The potential of the cell captive structure for sub-Saharan Africa

Exploring cell captive insurance in sub-Saharan Africa

Globally, cell captive insurance is a relatively new concept. It grew out of the captive insurance concept, where a corporate entity self-insures its own assets by setting up its own licensed insurance subsidiary. In a cell captive structure one central licensed insurer forms ring-fenced cells issued to other organisations for the insurance of the cell owner’s own assets or the insurable risks of its client or membership base.

Cell captives have been one of the most important steps in the evolution of the captive insurance space and have become an integral component of the selfinsurance market in many of the established captive domiciles.

Depending on the statutory or contractual conditions in place, the cell owner can draw dividends on the proceeds of the cell, obtain underwriting from the cell captive insurer and benefit from other insurance-related support functions. The cell captive insurer is accountable for all regulatory compliance and holds the insurance licence that covers the business of all the cells.

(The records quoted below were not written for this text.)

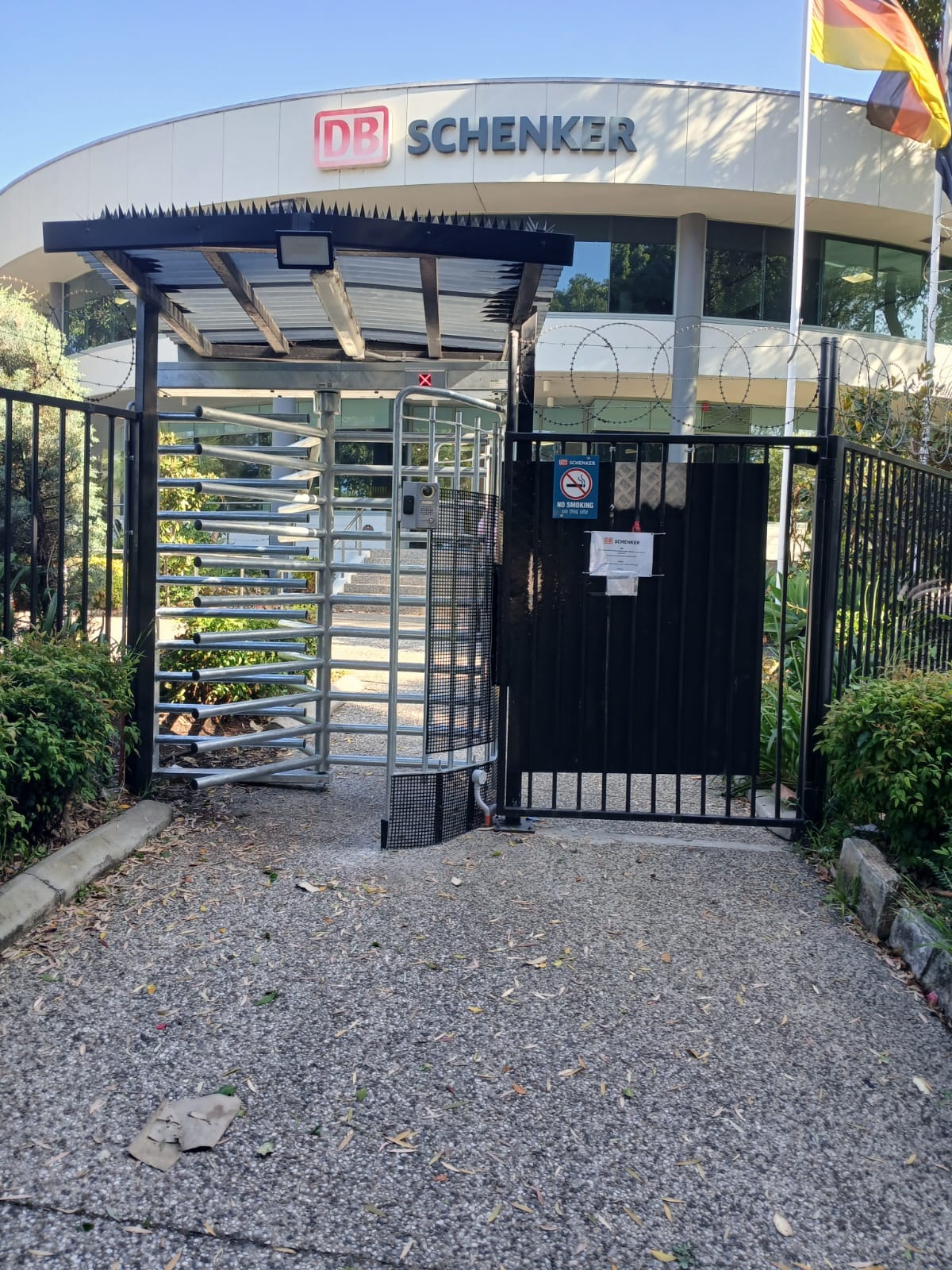 Full-height turnstile and pedestrian gate at a commercial site entrance.
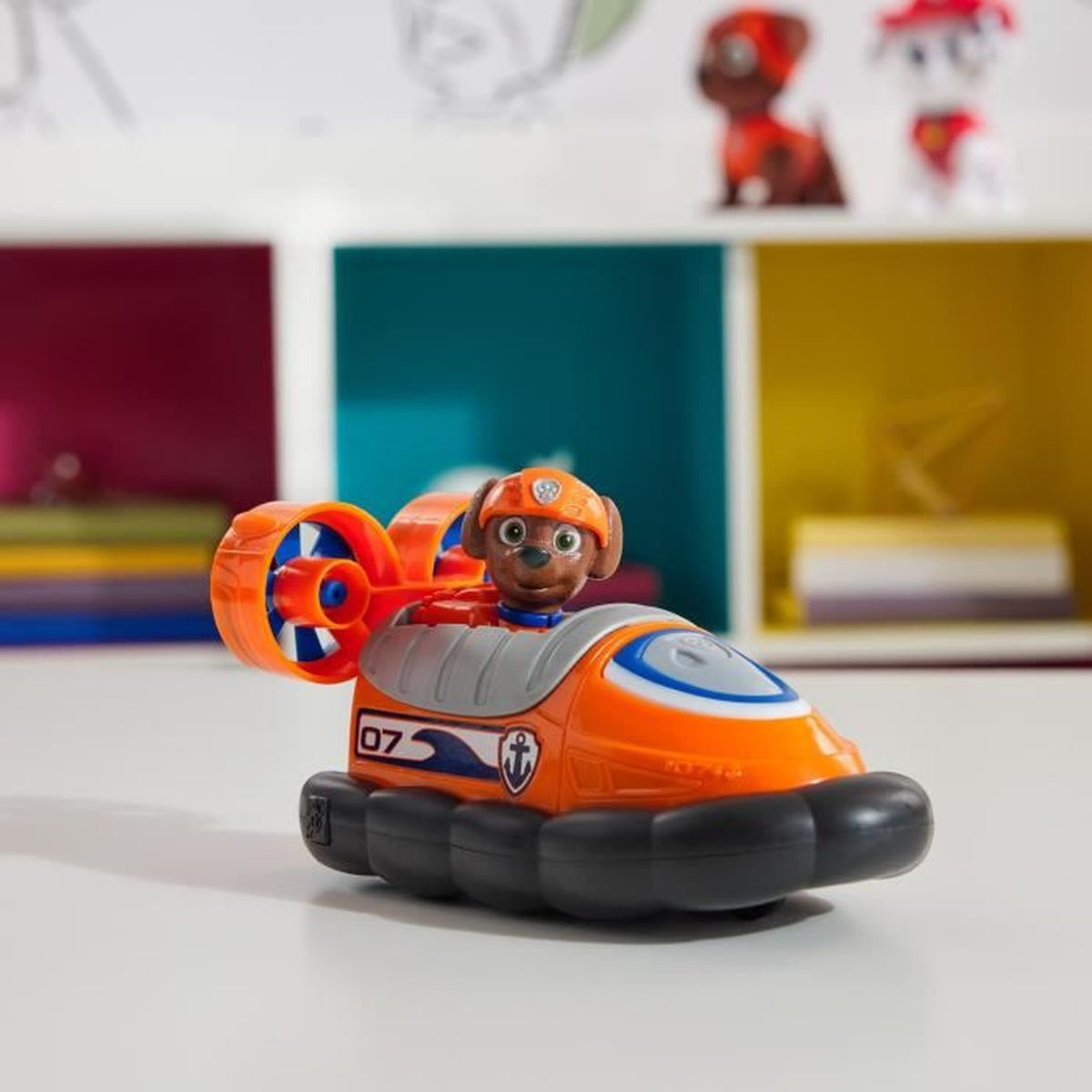 Ein orangefarbenes Paw Patrol Hovercraft-Spielzeug mit Figur vor Regalen.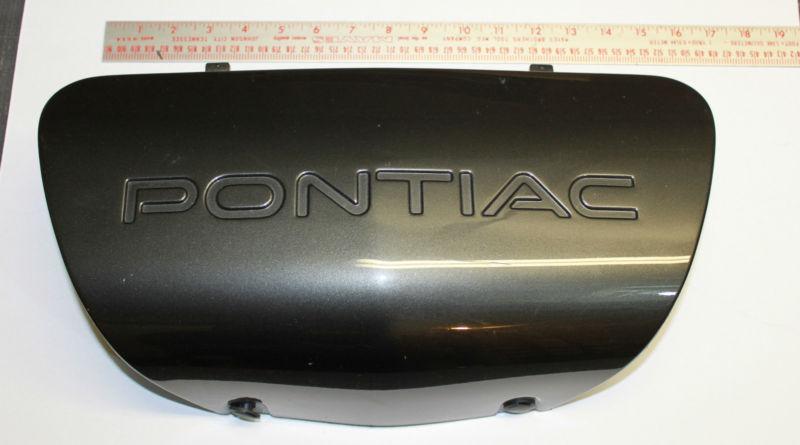 97-04 pontiac oem front bumper license plate insert / cover
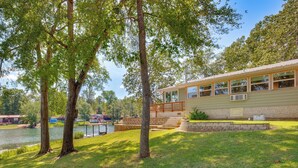 A lakeside house with a deck, a stone retaining wall, and a grassy lawn. - Kilgore Lakefront Home w/ Private Dock & Pier! (Kilgore)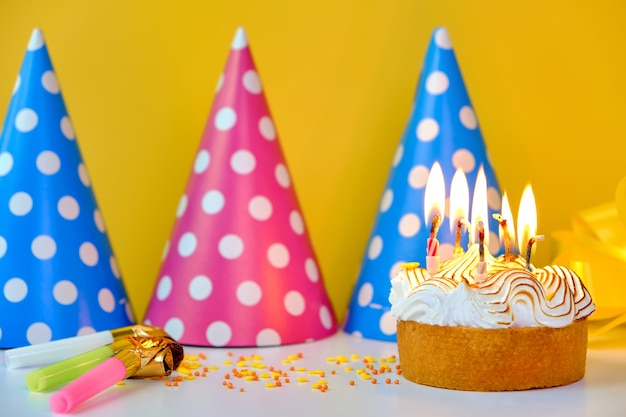 A colorful birthday cake with candles and confetti on a yellow background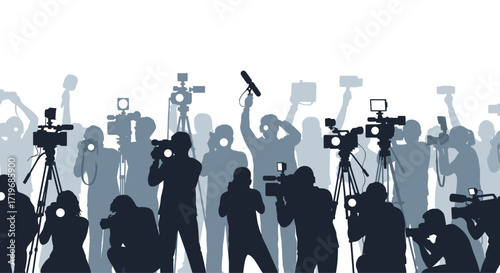 A large crowd of reporters with cameras and microphones is ready to cover an event.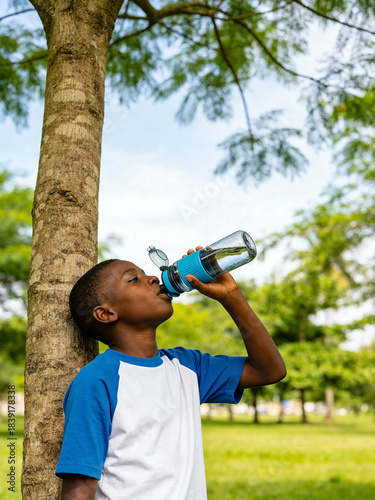 Black school-age boy in blue raglan tee drinking from clear reusable bottle with blue-grip flip-top, profile portrait leaning on tree in sunlit park — children's hydration, summer safety, eco-friendly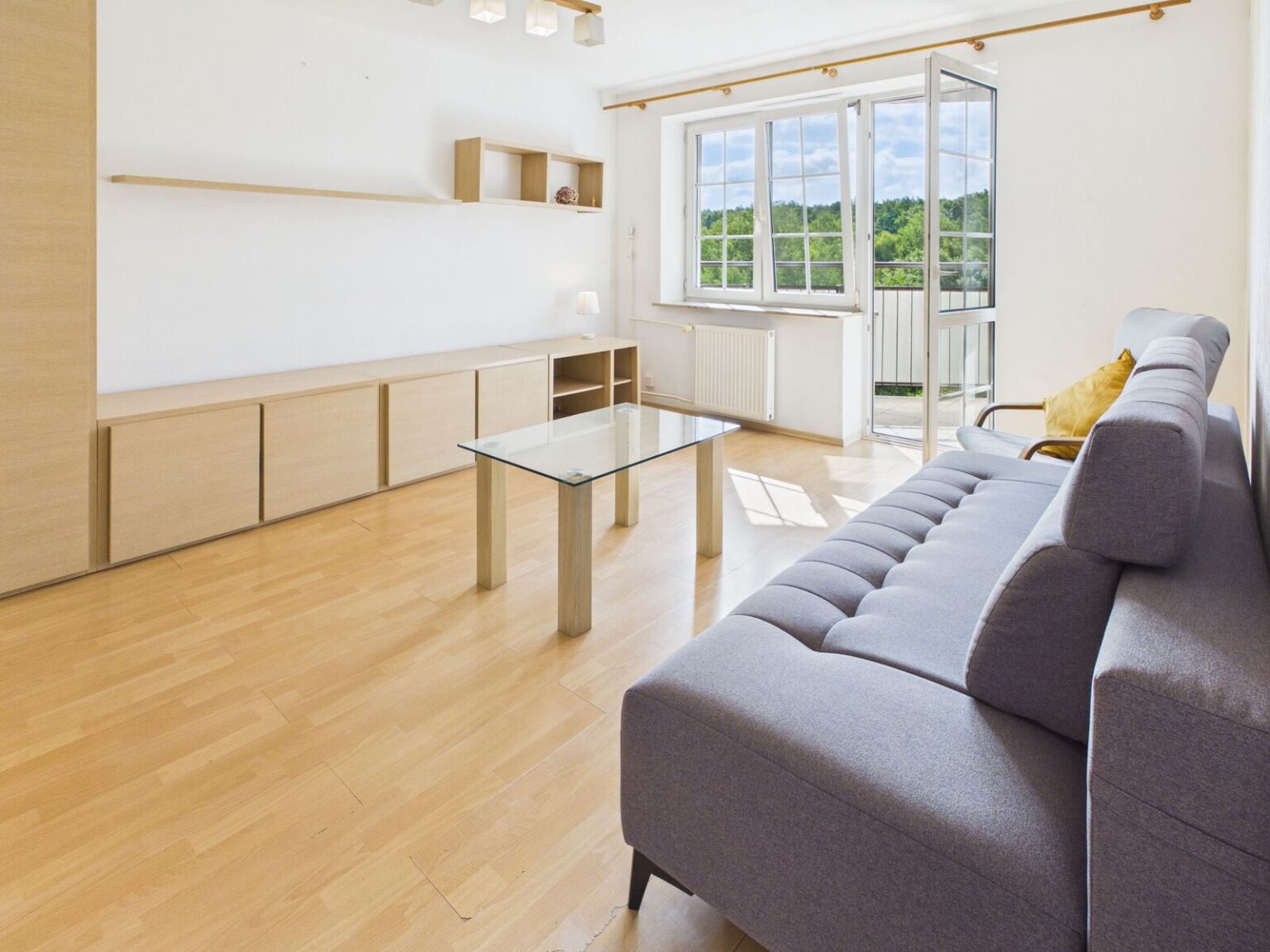 Jasny salon z szarą sofą i balkonem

The cell captive structure emerged as a way for a corporate entity to access the benefits of captive insurance without setting up its own captive insurance company. However, such first-party business is not the only application for the cell captive model. The cell captive structure can also be used to cover the risks of the clients or members of the cell owner. Such structures are referred to as third-party cell captives.

The cell captive mechanism has the potential to help address some of the structural constraints faced by many insurance markets in sub-Saharan Africa, including a fragmented local industry facing constraints in the provision of specialised risk cover to the corporate sector, and, in the retail market, a lack of market innovation.

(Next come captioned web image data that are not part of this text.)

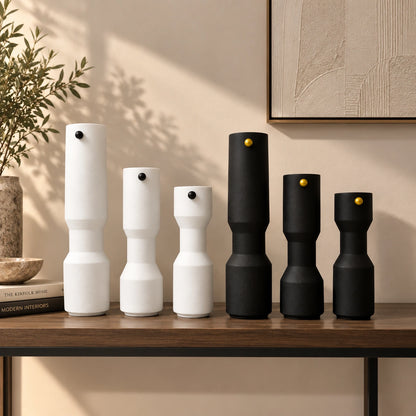 three modern white decorative flower vases with matte finish and black accent detail, minimalist table vases for living room, console or shelf styling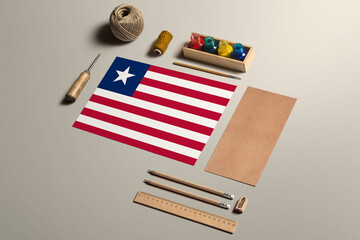 Fototapeta na wymiar Liberia calligraphy concept, accessories and tools for beautiful handwriting, pencils, pens, ink, brush, craft paper and cardboard crafting on wooden table.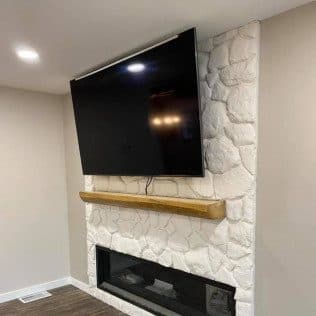 Interior remodel with stone fireplace and mounted television. Home addition project by Potts Brothers Construction, Arlington & Northern Virginia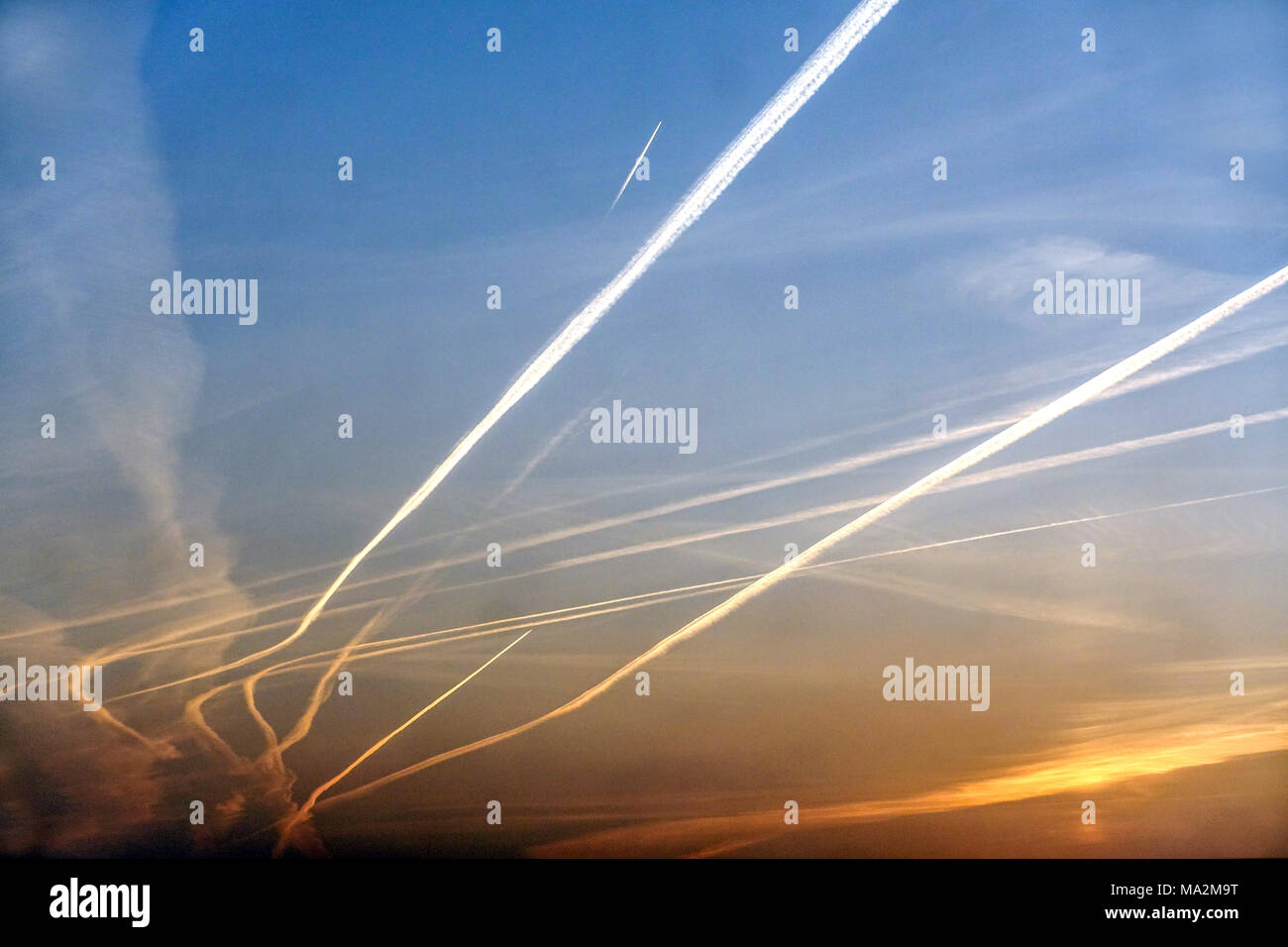 Senderos de vapor de avión sobre un cielo del amanecer Senderos de avión Cambia las emisiones de carbono climático, estelas químicas Foto de stock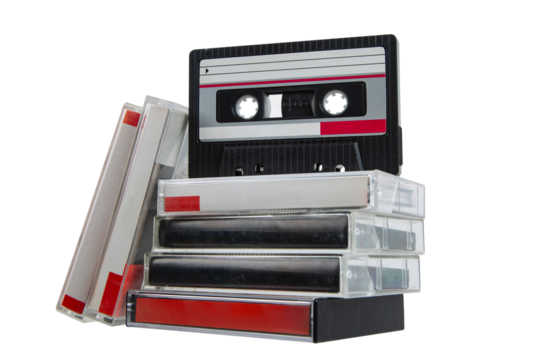 Stack of vintage music cassette tapes collection.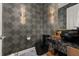 Chic powder room with dark designer wallpaper, a vessel sink, and stylish gold fixtures at 14321 Wabasso Loop, Winter Garden, FL 34787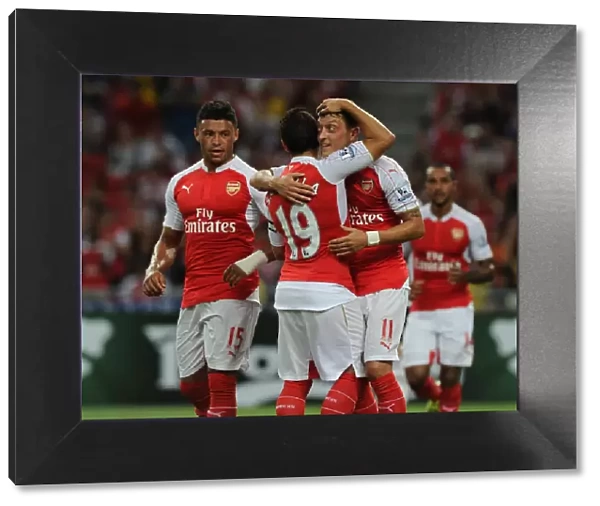 Arsenal's Ozil, Oxlade-Chamberlain, and Cazorla Celebrate Goals Against Everton in 2015-16 Asia Trophy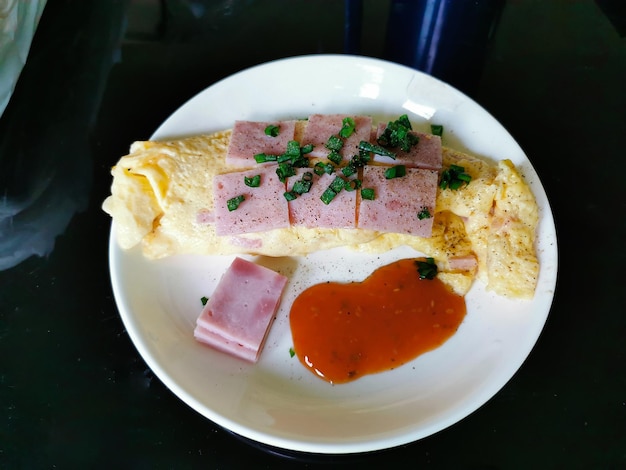 Foto deliciosa omelete por cima com presunto quadrado e polvilhado com coentro fatiado em um prato branco na cozinha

In Mauritius, the cell captive structure is successfully leveraged for first-party insurance. In South Africa (the global pioneer of third-party cell captives) cell captives have demonstrated their ability to drive retail innovation and provide an entry path into the insurance market. Other countries, such as Namibia and the Seychelles, have also developed preliminary regulation, while others are exploring potential use cases for the cell captive structure in their jurisdictions.

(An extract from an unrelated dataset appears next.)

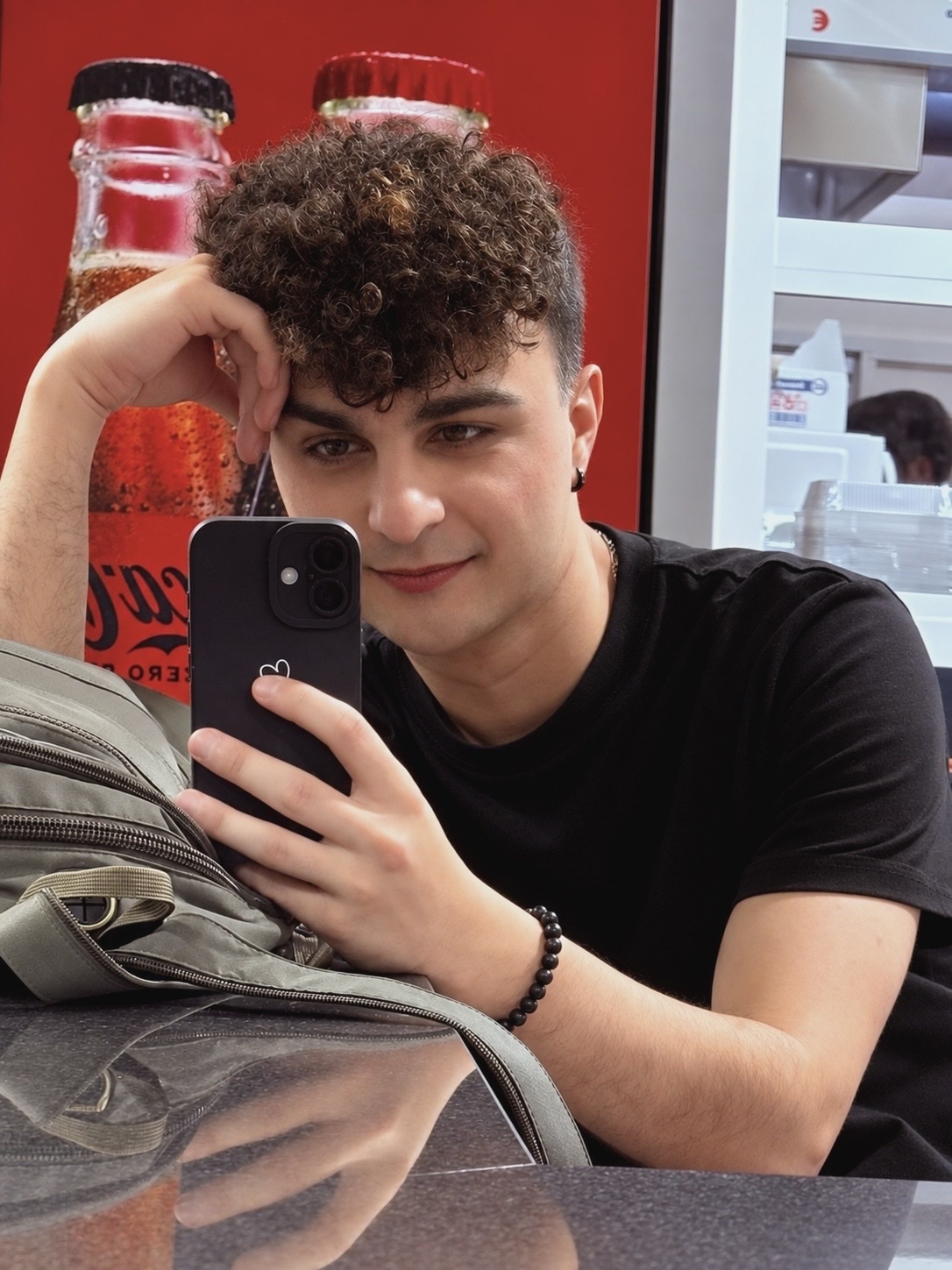 A young man with curly dark hair takes a selfie while leaning on a bag. He is wearing a black t-shirt and has a bracelet on his wrist. Behind him, two Coca-Cola bottles are visible.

This study aims to inform regulators who are considering the introduction of cell captives to their market.Based on desktop research and in-depth consultations with market and regulatory stakeholders, it outlines existing cell captive models, identifies the potential roles to be fulfilled by cell captives and highlights key regulatory considerations. It asks two main questions:

  • Use cases: What key insurance market constraints are cell captive arrangements able to address and how?
  • Regulatory design: What are the steps and considerations to design a cell captive regulatory framework to meet the desired use case(s) in a particular country context?

We find that cell captive structures do, indeed, have scope to support the development of insurance markets in emerging economies. They could serve at least four use cases:

  • Specialised risk management
  • Retail innovation
  • Insurance market participation
  • Offshore financial centre development

Key considerations for regulatory authorities that are considering introducing a cell captive framework include:

  • Use case/policy objectives: What would be the use case(s) for cell captives given the particular market realities and policy objectives of the country in question? That is: for which market development outcomes is the cell captive considered an appropriate solution
  • Permitted underwriting functions: What is the scope of the underwriting functions that cell captives will be permitted to perform – first and/or third party?
  • Regulatory framework elements: What should the regulatory and supervisory framework cover to ensure the effective introduction, operation and oversight of cell captive structures? A key consideration is what legal structure is needed to ensure appropriate ring-fencing between cells. Further considerations relate to capital requirements, governance structures and elements of supervisory oversight.

While the cell captive structure is not a panacea, it holds much promise as a vehicle to realise increased inclusion and growth within insurance markets in sub-Saharan Africa.